= Think Tools =

Think Tools AG (SWX: TTO) was a Swiss IT company that rose and fell with the dot-com bubble in Europe.
The company was founded by the philosopher Albrecht von Müller as a consultancy company in 1993.

==Initial public offering==
In the company's IPO on March 24, 2000, at the peak of the dot com bubble, the shares were issued at CHF 270. On the first trading day the share price peaked at CHF 1050, driven by investor excitement generated by the company's connections to the World Economic Forum and promises that the company would play a central role in transferring the world to knowledge economy through the software tools the company claimed to be developing.
The peak share price corresponded to a market valuation of CHF 2.52 billion.

==Products==

In addition to consultancy, the company had developed tools for supporting corporate problem solving by allowing its users to graphically visualize their thinking: a kind of an intelligent notepad to assist the user in solving problems. However, the software, called Think Tools Suite, did not have any knowledge representation, problem-solving, or reasoning capability by itself.
The company advertising made general claims about their software's ability to strengthen organizations' ability to generate, store, and utilize knowledge, and the tools being the result of a decade-long research program at the Max Planck Institute of Physics into ways to support cognitive processes. Nelson Mandela was cited as a reference client who uses the Think Tools software "for policy formulation and policy coordination between the national, provincial and local levels".

The company was profitable prior to the IPO, with a net income of CHF 3.9 million with sales of CHF 10.6 million in 1999, mostly from services to companies with close relations to the World Economic Forum, but these figures were only a very small fraction of the value of the company's stock after the IPO (corresponding to an extremely high price-to-earning ratio), characteristic of dot com bubble companies before share price collapse.
In the peak year, 2000, sales were CHF 25.3 million, but the company made a CHF 19.8 million loss.

==Controversies and collapse==

The downward slope of the share price resulted from analysts reporting the stock to be seriously overvalued, from the allegations of plagiarism of the works by the biochemistry professor Frederic Vester in its Think Tools Suite product, from the collapse of sales after the IPO, and the company's inability to progress toward implementing the visions that had raised the investors' expectations extremely high.
It also turned out that the information about the company and its product had been misleading. For example, most of the reference clients at the time of the IPO did not actually use the Think Tools Suite for anything.
The company's business model was to sell the Think Tools Suite software licence for a one time fee, up to CHF 1 million per licence, and the market of companies willing to buy the software was very quickly exhausted.

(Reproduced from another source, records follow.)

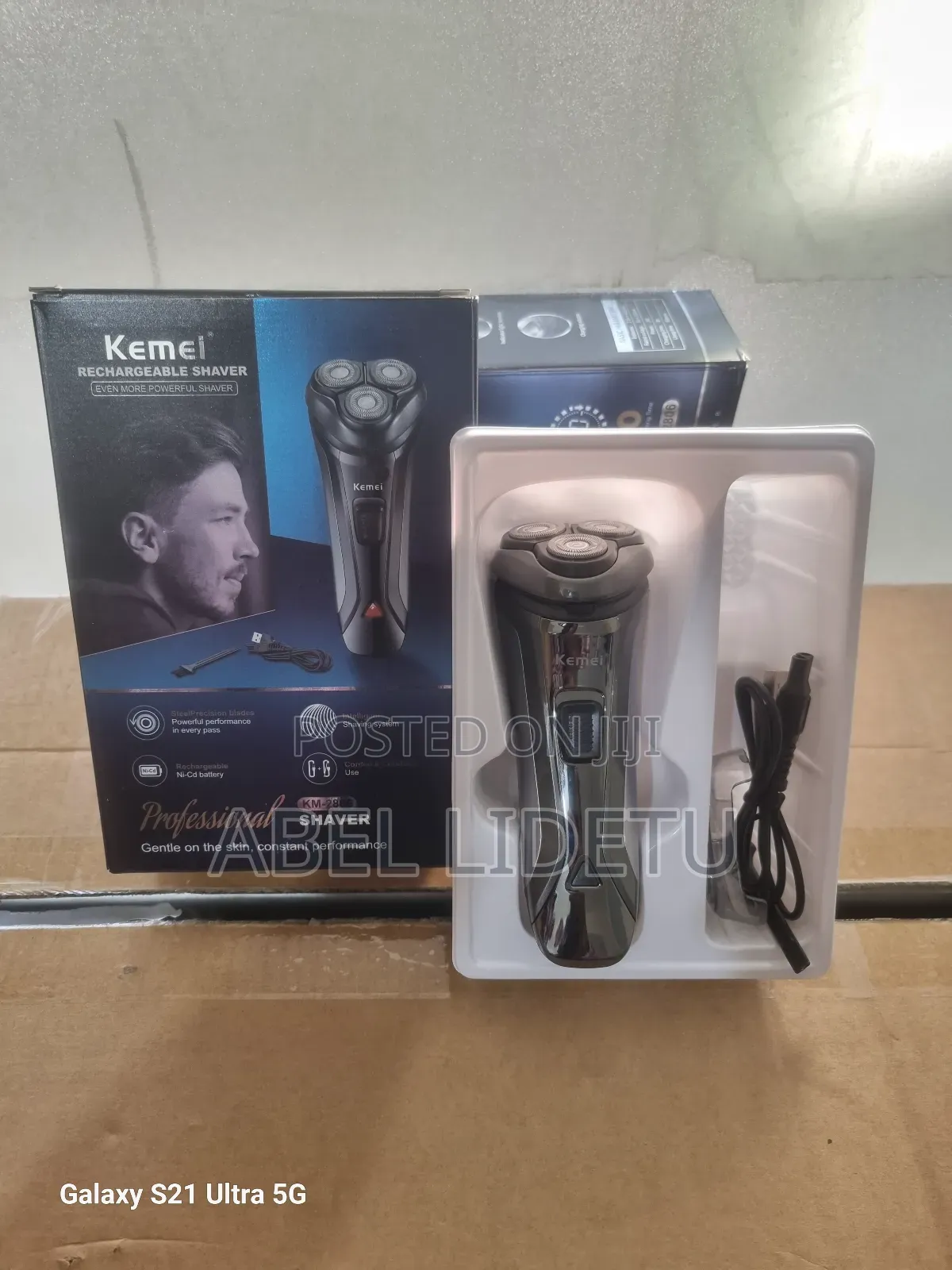 Kemei Shaver
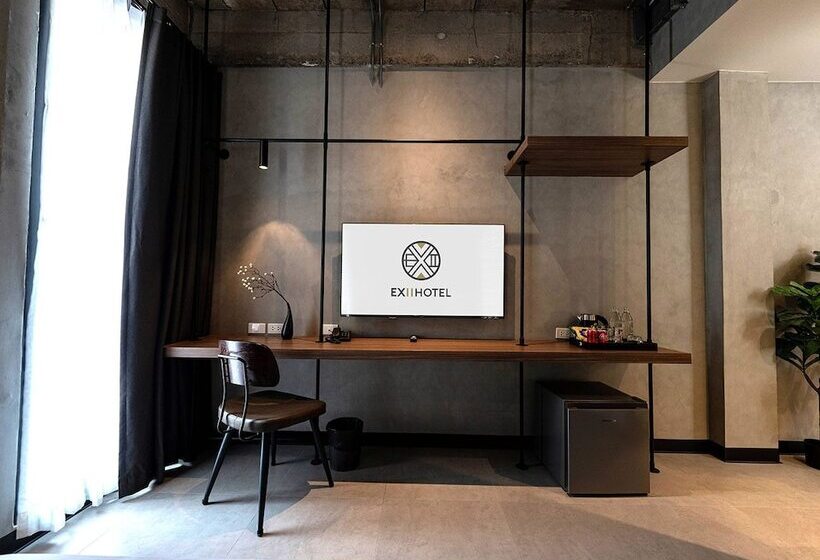 ホテル Exii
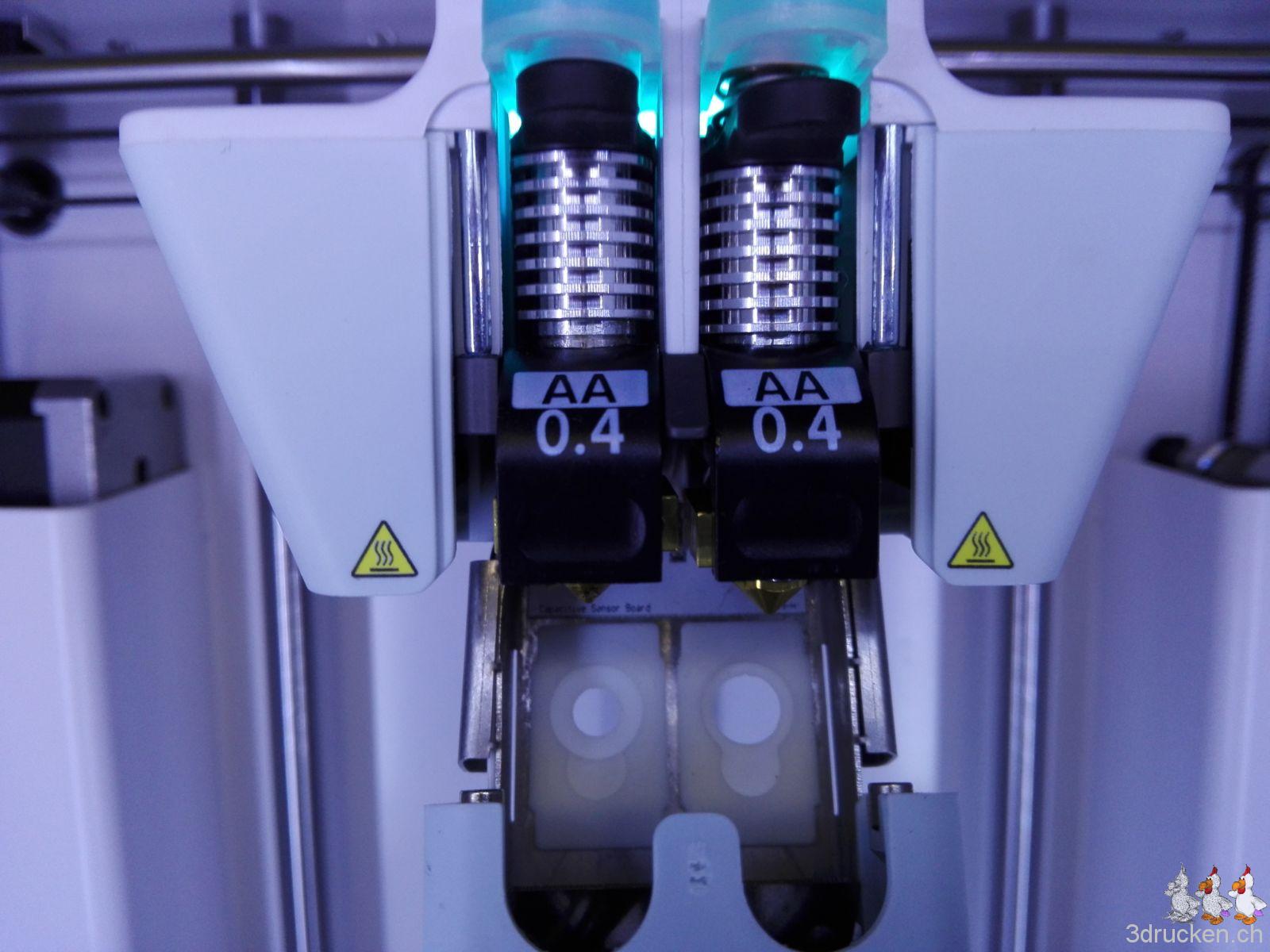 Aufgeklappter Druckkopf am Ultimaker 3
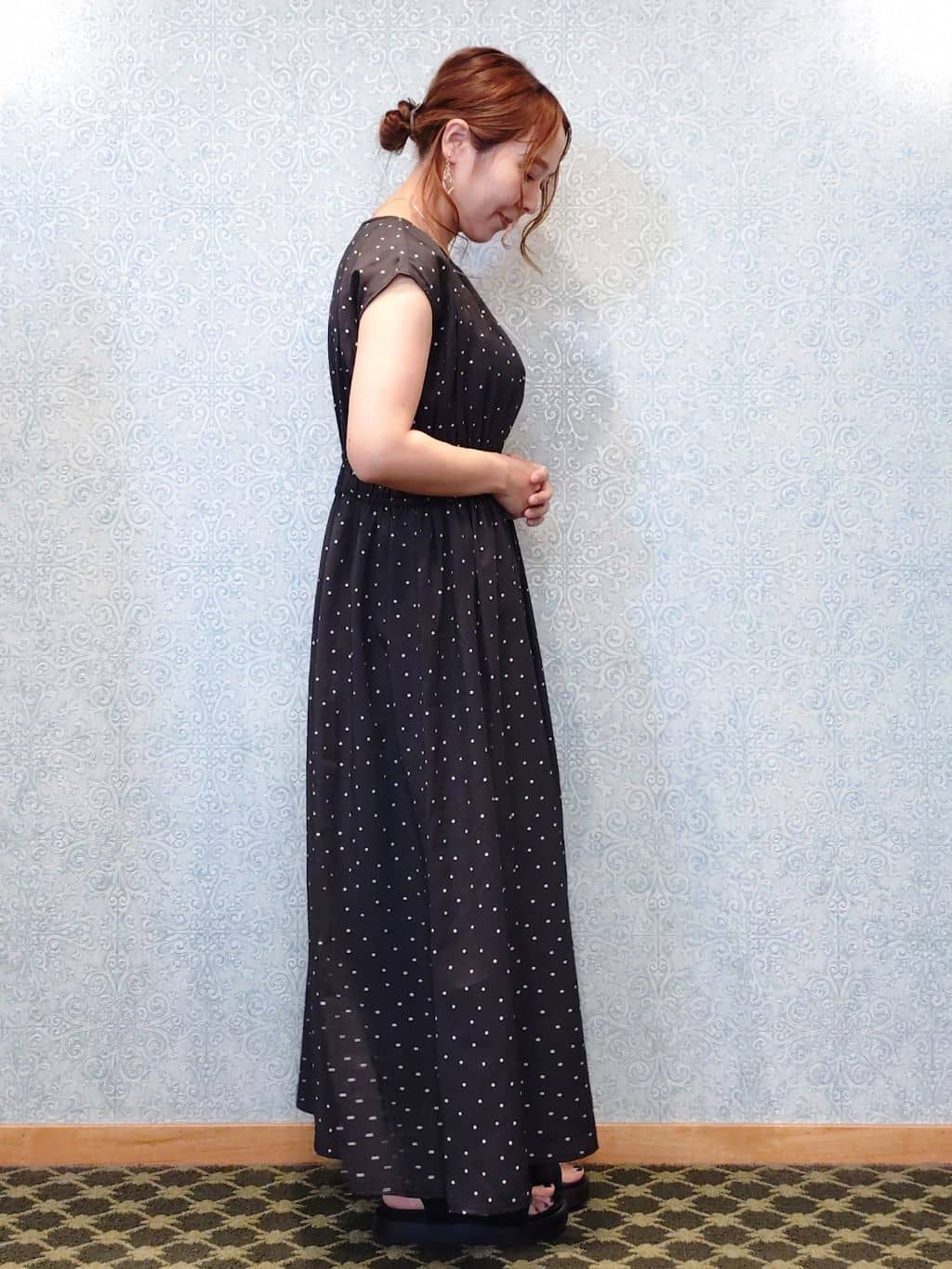かどさんの「index｜ドットプリントワンピース【洗濯機洗い可】」を使ったコーディネート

In 2001 sales were only CHF 3.4 million, and the company made a CHF 14.5 million loss.
On November 2, 2001 shares traded at CHF 26.
Only after the company's failure became apparent did the investors start questioning whether the Think Tools software actually had the capabilities claimed by von Müller.

On January 3, 2003 the company's shares traded at CHF 8.20.
Sales in 2003 were CHF 1.9 million, with operating expenses of CHF 12.2 million.

In May 2004 Think Tools agreed to merge with the Swiss IT company redIT AG. As a result, redIT AG became a publicly traded company in the Swiss stock exchange.
In October 2004 redIT AG sold the rights to the main remaining Think Tools asset, the Think Tools Suite, to the Parmenides Foundation (also founded by Albrecht von Müller). The sales price was CHF 350,000.
Parmenides Foundation renamed Think Tools Suite to Parmenides Eidos Suite - Visual Reasoning and Knowledge Representation, and is selling it.

==Legacy==

The company has still been portrayed positively years after it ceased to exist: "A Swiss based advisory firm with a high powered board comprising former Prime Ministers, financiers, industrialist and the founder of the World Economic Forum, Klaus Schwab. 'A brilliant experience, Think Tools had advised DASA on developing the A-380 Airbus, Nelson Mandela and the South African government on development policy options and a variety of corporates and governmental entities around the world.'” After 2004, Think Tools products and ideas continued to be discussed in scholarly articles about scenario development.
The German government used the software for critical decision making projects.

==Related controversies==
The Swiss Federal Banking Commission fined Swiss private bank Vontobel CHF 21 million after the Swiss stock exchange alerted the commission to irregularities in Think Tools' IPO, which was underwritten by Vontobel. Vontobel had anticipated a high post-IPO share price and had retained 52.14 per cent of the shares that should have been sold at the IPO, and sold the shares after the IPO when their price was substantially higher than the CHF 270 issue price.